Would you please return the lines of the material that contain the word "Happy"?

### Given records
==============================
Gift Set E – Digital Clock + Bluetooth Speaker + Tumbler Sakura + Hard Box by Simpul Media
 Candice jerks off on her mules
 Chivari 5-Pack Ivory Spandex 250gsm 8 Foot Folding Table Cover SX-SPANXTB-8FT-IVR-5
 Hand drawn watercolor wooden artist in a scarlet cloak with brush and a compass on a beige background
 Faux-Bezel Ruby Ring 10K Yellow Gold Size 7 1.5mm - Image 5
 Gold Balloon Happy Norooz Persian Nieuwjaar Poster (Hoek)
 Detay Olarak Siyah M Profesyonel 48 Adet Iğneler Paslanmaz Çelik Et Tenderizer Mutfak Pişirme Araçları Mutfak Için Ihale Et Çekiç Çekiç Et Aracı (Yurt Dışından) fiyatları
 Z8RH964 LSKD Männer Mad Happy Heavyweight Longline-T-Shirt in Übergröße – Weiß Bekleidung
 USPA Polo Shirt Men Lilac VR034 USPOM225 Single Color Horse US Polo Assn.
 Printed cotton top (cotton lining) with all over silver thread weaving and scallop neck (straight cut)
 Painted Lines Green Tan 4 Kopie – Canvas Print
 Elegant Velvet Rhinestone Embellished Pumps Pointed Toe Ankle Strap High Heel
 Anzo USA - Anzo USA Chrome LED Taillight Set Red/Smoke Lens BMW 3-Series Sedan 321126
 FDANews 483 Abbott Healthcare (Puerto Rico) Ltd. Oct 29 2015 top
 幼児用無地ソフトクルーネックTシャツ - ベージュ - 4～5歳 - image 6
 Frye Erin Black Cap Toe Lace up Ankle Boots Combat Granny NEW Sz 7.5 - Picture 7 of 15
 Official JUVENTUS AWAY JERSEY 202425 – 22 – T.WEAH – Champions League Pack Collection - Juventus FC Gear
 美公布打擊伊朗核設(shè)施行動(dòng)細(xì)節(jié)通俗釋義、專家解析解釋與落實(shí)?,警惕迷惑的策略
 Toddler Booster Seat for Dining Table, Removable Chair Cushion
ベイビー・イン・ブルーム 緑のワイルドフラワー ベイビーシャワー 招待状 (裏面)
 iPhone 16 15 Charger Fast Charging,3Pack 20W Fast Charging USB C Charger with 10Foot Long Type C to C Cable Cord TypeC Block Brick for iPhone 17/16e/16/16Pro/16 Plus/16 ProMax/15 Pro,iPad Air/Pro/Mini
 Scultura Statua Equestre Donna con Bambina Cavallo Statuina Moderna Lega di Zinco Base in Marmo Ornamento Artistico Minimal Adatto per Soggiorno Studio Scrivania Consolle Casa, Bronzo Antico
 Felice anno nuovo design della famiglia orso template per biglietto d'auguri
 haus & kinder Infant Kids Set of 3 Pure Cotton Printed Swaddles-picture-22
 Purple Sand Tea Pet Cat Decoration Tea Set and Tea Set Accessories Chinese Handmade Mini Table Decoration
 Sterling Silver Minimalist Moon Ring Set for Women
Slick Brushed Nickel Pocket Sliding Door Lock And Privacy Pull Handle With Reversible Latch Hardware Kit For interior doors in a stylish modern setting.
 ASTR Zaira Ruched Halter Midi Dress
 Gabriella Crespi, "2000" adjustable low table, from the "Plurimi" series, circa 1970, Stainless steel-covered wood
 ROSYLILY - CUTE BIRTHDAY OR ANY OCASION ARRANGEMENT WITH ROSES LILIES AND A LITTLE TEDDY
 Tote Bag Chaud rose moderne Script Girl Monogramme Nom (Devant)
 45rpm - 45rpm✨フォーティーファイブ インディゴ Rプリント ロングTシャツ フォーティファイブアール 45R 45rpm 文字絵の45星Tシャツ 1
==============================
### Task solution
 Gold Balloon Happy Norooz Persian Nieuwjaar Poster (Hoek)
 Z8RH964 LSKD Männer Mad Happy Heavyweight Longline-T-Shirt in Übergröße – Weiß Bekleidung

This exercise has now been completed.